The de-facto standard repository for Lua libraries is the LuaRocks repository. However the issue with this repository is that it is a collection of libraries with no particular purpose. Also, none of the libraries are optimized for or guaranteed to work with Ravi.
To make the use of Ravi more pleasant for users, I created the Suravi project. The goal of this project is to create a small set of curated libraries for Ravi, that are also tested and potentially optimized to work with Ravi. The project also aims to create a standard set of documentation.
A Debugger for Ravi in Visual Studio Code
In my experience lack of a debugger makes it much harder to write correct programs. Therefore creating a debugger for Ravi was one of the first priorities. A Visual Studio Code debug adapter for Ravi was created in 2016, and contains basic functionality for debugging Ravi/Lua scripts.
What’s next for Ravi?
I never got to use Ravi for the original use case it was created for, as I had to cancel the project. Nevertheless working on Ravi has been rewarding and I plan to continue making enhancements. Given that the work is done in my free time, progress is inevitably very slow.
A key question is whether Ravi can maintain compatibility with Lua. The answer appears to be no; already there are features introduced by Lua 5.4 that are not supported in Ravi. The <const> and the <close> annotations are not supported in Ravi. Moreover, I think that the ‘defer’ statement is preferable to <close> and I provide patches for implementing the ‘defer’ statement in Lua 5.3 and Lua 5.4.

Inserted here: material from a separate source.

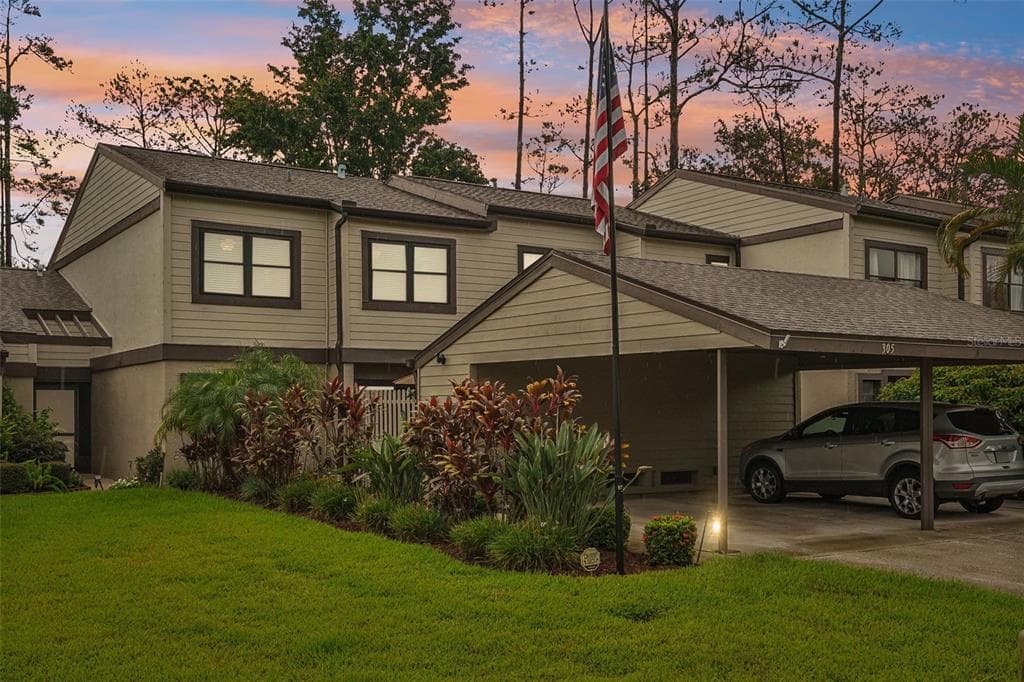305 WOODS LANDING TRAIL OLDSMAR, FL 34677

In the future it is likely that Ravi and Lua will diverge further. I would like to add a default library for creating classes, as well as an ability to embed a safe subset of C in Ravi. Moreover the new compiler framework no longer uses Lua bytecode design and it is likely all future enhancements will focus on utilizing this framework. Not having to maintain compatibility with newer Lua features means there is more freedom to evolve Ravi as a language to become an independent language in its own right, while still retaining the ability to run most Lua 5.3 compatible code.